Очень интересно, как отповедь незадачливому возлюбленному, который не смог соответствовать требовательной натуре Цветаевой, совпадает со строками ее самого, пожалуй, известного и одного из самых отчаянных стихотворений — «Тоска по родине»:
Мне совершенно все равно,
Где совершенно одинокой
Быть...
Одиночество — участь поэта, но для женщины слишком бескомпромиссно. В этой бескомпромиссности тщательно скрывалась, возможно, и от самой себя, с одной стороны, тоска по идеальной любви, заставлявшая Цветаеву гоняться за призраками, с другой — неумение любить в привычном человеческому обиходу смысле, спрятанное за точными и совершенными определениями, что такое любовь, какой она должна и не может быть на земле.
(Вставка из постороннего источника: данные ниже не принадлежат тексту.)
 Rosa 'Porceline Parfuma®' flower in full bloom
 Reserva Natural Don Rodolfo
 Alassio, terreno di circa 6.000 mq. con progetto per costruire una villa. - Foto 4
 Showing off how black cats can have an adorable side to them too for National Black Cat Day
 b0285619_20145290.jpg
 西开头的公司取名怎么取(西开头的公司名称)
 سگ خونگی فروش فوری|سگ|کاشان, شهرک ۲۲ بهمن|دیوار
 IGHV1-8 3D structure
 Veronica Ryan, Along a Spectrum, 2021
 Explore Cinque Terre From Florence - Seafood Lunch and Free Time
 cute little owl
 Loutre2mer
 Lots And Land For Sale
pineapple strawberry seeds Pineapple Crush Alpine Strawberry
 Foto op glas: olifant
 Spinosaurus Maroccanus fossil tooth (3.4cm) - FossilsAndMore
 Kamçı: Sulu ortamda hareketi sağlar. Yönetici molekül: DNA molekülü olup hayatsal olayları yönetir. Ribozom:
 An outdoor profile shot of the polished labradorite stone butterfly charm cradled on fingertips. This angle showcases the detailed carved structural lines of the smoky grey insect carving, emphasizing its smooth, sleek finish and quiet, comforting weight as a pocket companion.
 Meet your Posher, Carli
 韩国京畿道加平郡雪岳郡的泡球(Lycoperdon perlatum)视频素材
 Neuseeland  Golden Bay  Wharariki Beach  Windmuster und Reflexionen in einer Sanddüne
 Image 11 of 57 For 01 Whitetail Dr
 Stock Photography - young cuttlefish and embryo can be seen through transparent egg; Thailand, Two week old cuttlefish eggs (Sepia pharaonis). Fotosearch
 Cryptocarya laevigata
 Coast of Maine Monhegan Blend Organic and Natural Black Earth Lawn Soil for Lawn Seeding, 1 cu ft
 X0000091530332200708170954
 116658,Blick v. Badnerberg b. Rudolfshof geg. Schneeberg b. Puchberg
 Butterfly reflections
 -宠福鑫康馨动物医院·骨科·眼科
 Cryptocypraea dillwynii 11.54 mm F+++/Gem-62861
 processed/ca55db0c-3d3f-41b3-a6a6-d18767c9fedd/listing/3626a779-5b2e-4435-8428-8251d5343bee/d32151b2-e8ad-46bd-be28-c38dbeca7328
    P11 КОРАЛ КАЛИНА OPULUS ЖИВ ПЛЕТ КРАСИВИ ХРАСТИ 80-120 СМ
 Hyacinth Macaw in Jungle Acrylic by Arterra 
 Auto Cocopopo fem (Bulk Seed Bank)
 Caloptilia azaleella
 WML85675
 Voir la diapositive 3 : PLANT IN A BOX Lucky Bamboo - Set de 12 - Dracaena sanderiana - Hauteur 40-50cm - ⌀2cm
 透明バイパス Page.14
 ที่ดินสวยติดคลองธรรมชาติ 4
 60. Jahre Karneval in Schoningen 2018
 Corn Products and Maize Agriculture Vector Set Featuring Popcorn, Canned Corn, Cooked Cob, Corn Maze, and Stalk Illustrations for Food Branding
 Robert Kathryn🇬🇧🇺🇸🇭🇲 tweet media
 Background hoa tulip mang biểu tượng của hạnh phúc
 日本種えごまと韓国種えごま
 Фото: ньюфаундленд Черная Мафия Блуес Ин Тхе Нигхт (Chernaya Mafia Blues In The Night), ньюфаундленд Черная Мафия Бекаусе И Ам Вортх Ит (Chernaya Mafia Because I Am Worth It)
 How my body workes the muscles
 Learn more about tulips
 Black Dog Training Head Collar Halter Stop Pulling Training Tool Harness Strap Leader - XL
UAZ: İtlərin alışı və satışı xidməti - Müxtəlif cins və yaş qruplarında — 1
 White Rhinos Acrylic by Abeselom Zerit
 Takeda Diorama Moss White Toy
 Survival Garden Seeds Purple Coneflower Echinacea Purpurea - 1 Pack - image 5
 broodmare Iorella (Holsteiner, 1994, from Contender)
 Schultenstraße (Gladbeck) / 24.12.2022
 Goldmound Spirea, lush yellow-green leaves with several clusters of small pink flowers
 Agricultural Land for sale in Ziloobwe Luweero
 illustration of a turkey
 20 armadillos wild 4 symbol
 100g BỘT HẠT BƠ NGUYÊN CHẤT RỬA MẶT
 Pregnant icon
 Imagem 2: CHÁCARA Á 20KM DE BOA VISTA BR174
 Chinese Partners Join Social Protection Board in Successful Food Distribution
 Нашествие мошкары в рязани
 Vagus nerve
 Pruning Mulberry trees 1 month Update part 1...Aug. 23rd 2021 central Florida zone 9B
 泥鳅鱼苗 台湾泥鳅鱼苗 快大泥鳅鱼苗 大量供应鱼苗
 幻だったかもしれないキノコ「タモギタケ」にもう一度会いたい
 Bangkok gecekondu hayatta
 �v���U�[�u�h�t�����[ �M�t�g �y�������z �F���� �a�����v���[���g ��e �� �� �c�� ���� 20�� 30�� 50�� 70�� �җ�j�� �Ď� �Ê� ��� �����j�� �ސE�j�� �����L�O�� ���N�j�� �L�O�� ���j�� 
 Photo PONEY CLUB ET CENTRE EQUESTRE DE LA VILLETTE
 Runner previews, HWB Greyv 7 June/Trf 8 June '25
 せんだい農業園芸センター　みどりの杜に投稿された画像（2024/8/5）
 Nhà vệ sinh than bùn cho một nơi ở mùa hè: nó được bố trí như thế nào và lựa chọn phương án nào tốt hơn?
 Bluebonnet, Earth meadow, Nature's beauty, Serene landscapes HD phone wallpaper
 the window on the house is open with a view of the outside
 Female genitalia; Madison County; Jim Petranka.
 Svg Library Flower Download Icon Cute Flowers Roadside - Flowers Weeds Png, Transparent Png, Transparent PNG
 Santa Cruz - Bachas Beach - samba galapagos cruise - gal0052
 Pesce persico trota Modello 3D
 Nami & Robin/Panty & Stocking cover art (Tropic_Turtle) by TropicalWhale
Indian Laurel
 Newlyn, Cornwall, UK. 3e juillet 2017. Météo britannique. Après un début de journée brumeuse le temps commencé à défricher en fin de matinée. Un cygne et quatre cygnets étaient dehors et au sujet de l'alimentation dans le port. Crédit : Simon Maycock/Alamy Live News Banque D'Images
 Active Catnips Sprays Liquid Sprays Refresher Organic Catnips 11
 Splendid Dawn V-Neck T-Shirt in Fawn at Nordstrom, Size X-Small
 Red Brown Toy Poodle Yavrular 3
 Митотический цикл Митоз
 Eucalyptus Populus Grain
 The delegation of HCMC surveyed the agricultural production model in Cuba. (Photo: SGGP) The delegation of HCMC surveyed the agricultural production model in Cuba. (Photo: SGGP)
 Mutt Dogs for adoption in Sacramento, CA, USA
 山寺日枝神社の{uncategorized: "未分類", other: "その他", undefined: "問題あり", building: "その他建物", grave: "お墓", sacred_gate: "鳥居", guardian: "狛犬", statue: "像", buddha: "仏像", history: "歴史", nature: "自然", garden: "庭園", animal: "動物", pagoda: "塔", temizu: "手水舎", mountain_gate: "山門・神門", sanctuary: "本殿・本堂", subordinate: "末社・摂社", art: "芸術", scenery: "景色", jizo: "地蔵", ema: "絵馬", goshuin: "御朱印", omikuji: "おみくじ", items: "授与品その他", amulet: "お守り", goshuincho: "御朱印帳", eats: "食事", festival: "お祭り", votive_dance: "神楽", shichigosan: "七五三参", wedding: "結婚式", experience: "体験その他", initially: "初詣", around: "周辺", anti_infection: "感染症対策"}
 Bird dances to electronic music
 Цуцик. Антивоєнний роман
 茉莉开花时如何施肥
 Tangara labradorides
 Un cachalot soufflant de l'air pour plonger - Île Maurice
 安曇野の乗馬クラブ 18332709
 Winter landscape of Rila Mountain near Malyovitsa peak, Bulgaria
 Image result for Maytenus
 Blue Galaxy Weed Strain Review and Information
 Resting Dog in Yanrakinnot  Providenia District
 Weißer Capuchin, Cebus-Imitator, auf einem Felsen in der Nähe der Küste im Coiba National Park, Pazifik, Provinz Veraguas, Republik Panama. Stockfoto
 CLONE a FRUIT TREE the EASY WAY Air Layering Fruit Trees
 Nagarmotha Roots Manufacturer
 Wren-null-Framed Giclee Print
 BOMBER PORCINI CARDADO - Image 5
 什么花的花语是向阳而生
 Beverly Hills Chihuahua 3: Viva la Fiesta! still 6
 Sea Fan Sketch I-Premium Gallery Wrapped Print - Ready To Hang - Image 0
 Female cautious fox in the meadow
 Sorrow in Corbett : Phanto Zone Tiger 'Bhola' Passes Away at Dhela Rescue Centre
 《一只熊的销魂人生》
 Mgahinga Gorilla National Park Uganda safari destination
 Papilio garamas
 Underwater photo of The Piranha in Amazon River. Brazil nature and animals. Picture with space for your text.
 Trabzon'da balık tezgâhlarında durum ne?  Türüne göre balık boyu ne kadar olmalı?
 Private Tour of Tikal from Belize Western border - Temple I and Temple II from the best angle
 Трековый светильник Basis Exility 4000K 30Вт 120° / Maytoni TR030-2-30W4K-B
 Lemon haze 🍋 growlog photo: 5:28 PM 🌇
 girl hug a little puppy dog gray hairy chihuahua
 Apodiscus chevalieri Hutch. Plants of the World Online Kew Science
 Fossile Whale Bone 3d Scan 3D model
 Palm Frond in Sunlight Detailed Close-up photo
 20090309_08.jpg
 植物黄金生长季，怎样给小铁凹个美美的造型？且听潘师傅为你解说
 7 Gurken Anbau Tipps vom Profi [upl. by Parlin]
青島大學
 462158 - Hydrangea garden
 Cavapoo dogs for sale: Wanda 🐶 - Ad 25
Романтическая холодность и пожирающий все душевные порывы эгоцентризм прекрасно монтировались с юношеским, восторженным восприятием мира:
О любовь! Спасает мир — она!
В ней одной спасенье и защита.
Все в любви. Спи с миром, Маргарита...
Все в любви... Любила — спасена!
Но вот вопрос — насколько действительно личное переносилось в поэзию, или наоборот, насколько поэзия отражала жизненные обстоятельства? На вопрос этот, кажется, можно ответить, если пристально вглядеться в биографические детали, соединяющие реальность и вымысел.